By: Jimmy Watt
Public Information Officer
(Walhalla, SC)————————————–Last week, officers with the Oconee County Sheriff’s Office participated in training concerning the new Domestic Violence law.
The Domestic Violence Reform Act became effective with the signature of South Carolina Governor Nikki Haley back on June 4th. The training was conducted by 10th Circuit Assistant Solicitor Blair Stoudelmire and was held in the 2nd floor training room at the Law Enforcement Center in Walhalla.

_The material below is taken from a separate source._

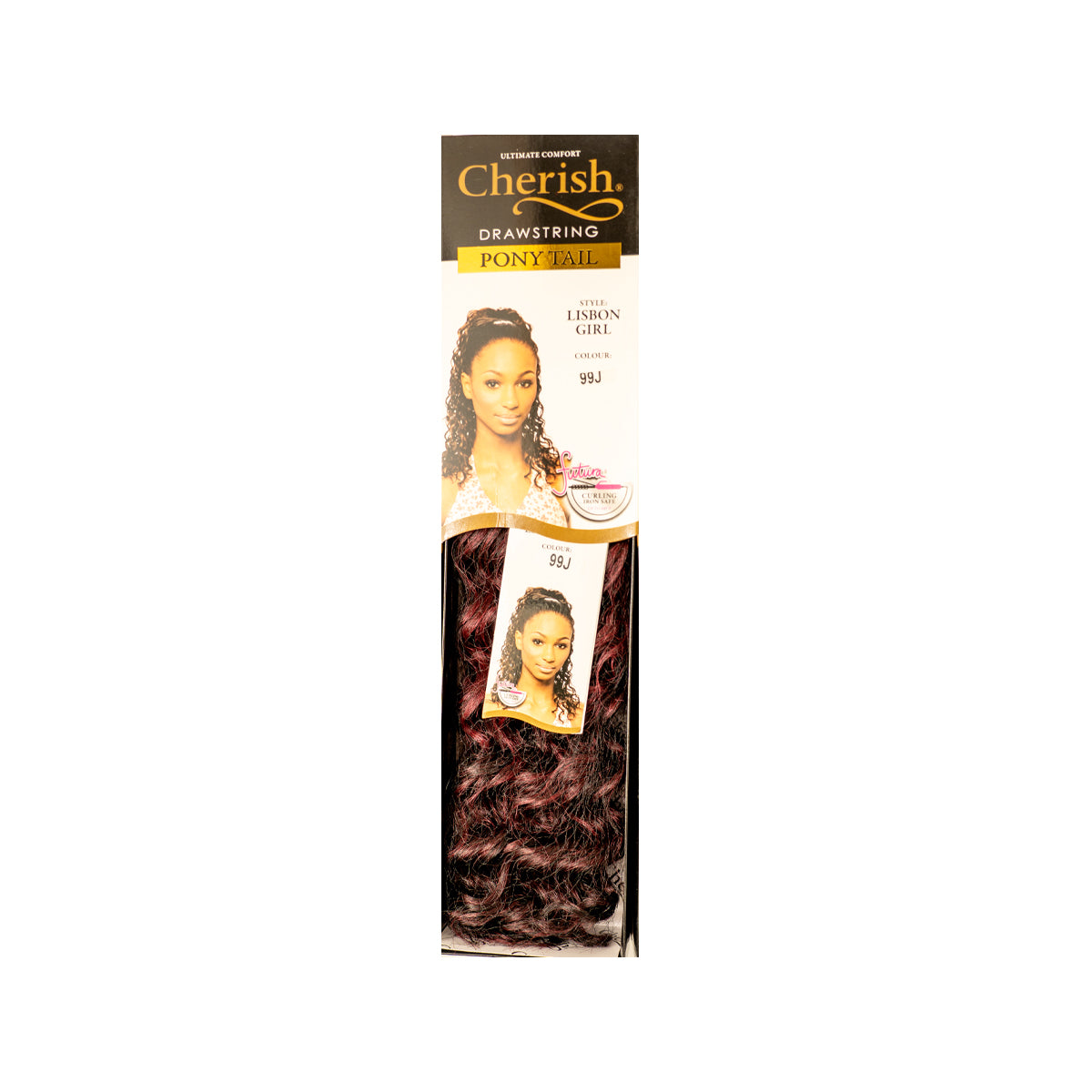 Cherish Lisbon Girl Drawstring Synthetic Ponytail Natural Hair Extension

“The Sheriff’s Office has held training for officers in the county for the past two years regarding domestic violence and this training continues the commitment for officers to receive the best training available when it comes to the issue of domestic violence,” says Oconee County Sheriff Mike Crenshaw. “Needed changes in the domestic violence law were made that will allow law enforcement to be more effective. This training provided our officers with a better understanding of the changes in the law and tools that will help them in the prosecution of these cases.”
One of the biggest changes regarding the new law is that the determination of charges is based on levels of degrees, similar to the current Assault and Battery laws. There are also circumstances that can upgrade the level of the degree of a domestic violence arrest, for example, whether a protection order was violated or whether a minor was present or perceived a threat or whether someone was blocked from seeking help to whether a firearm was used. Also taken into consideration regarding the seriousness of the crime are how many convictions a subject has had within the past ten years. In addition, the penalties for a conviction have been increased.

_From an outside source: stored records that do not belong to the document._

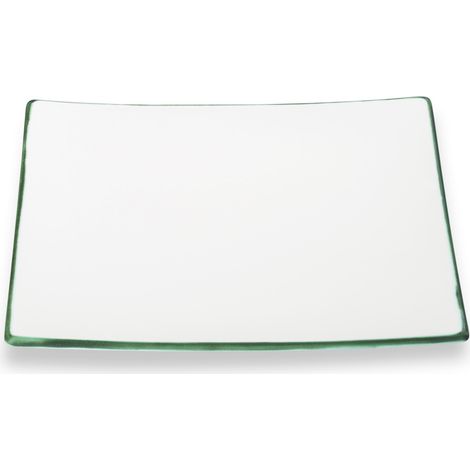 Gmundner Keramik Grüner Rand, Assiette à dessert Trend (20x20cm) (1/2)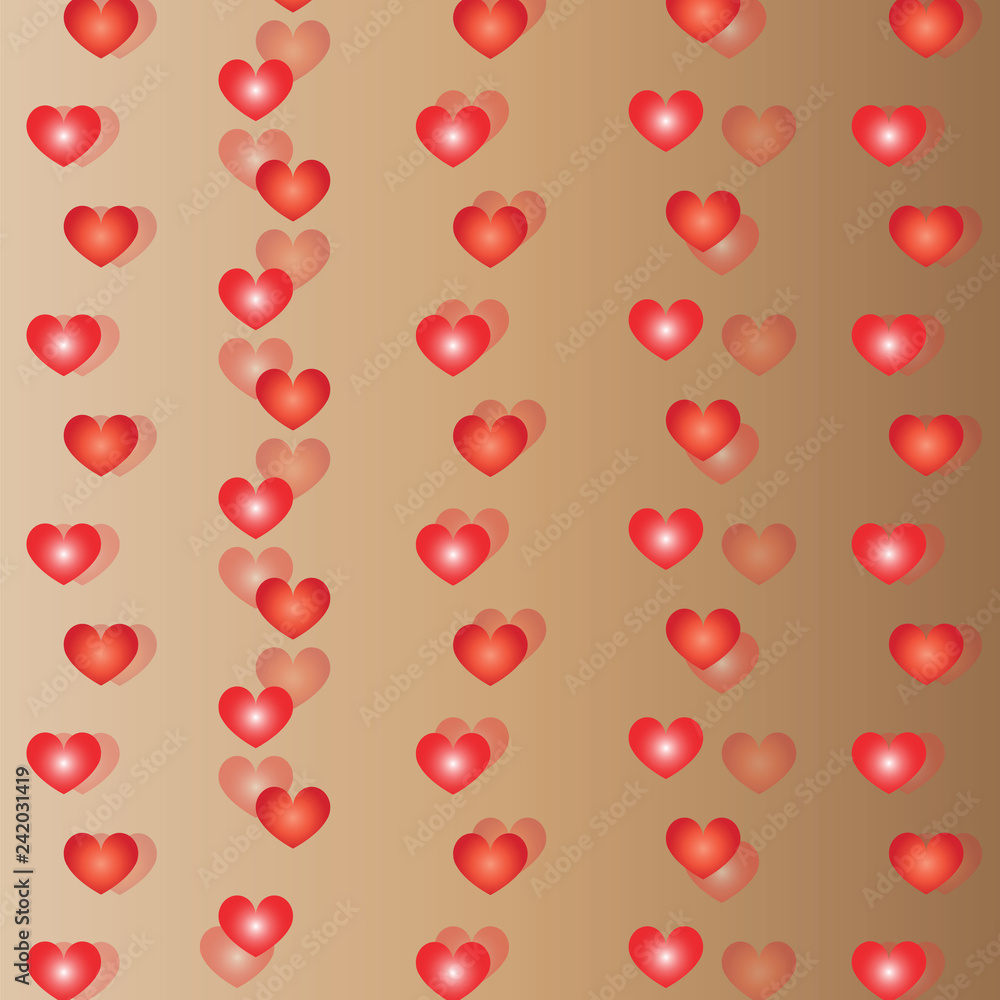 abstract background with red hearts - love theme - Valentines day vector on brown background abstract background with red hearts - love theme - Valentines day vector on brown background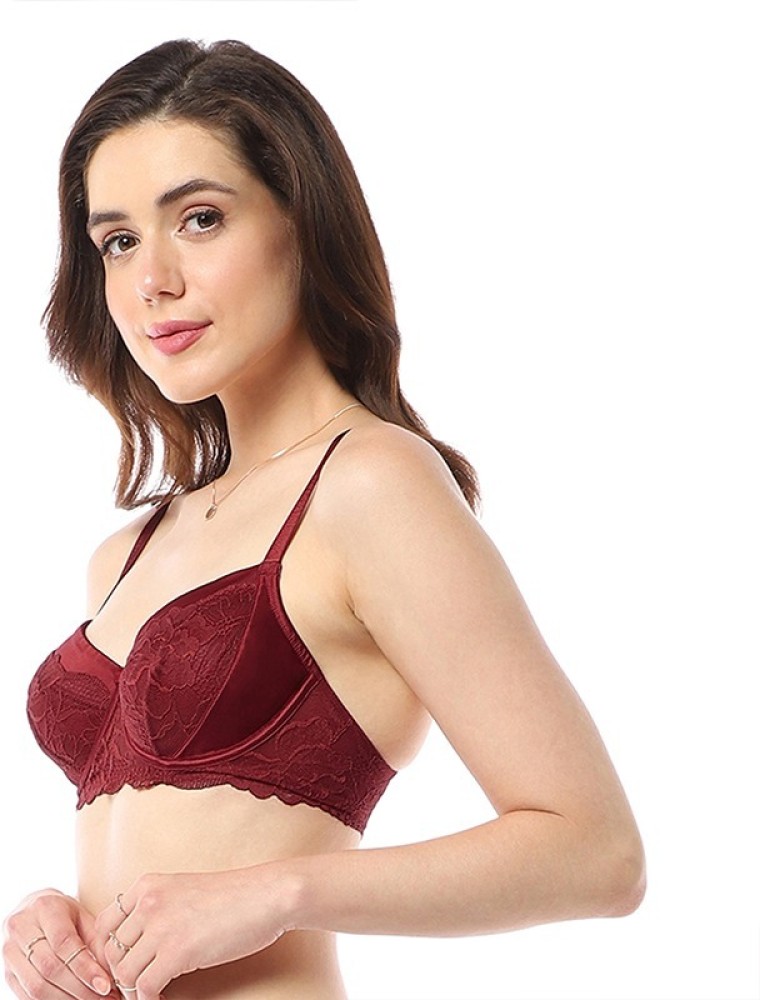 Amante Women Push-up Non Padded Bra - Buy Maroon Amante Women Push-up Non  Padded Bra Online at Best Prices in India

Discussion during the training included the law concerning new types of restraining orders, including Emergency Restraining Orders, which is issued by a magistrate and remains in effect until a hearing can be held on a Permanent Restraining Order. A Permanent Restraining Order is another type of new restraining order that can be issued by the General Sessions or Family Court at the time a defendant is convicted of an offense or by Common Pleas court in the county where the defendant committed a crime and remains in effect for a time period that a judge specifies and is good for a victim and a witness as well.
“Our officers have received domestic violence training in the last couple of years from Safe Harbor as well as the South Carolina Attorney General’s office and from our domestic violence investigator Sergeant Kevin Cain,” continues Sheriff Crenshaw. “The Sheriff’s Office remains committed to reducing the numbers of domestic violence incidents in Oconee County and deputies began enforcing these new laws as soon as we were able to after June 4th. Our partnership with the Solicitor’s Office and the passage of the new law are steps in the process of changing a culture of domestic violence in Oconee County.”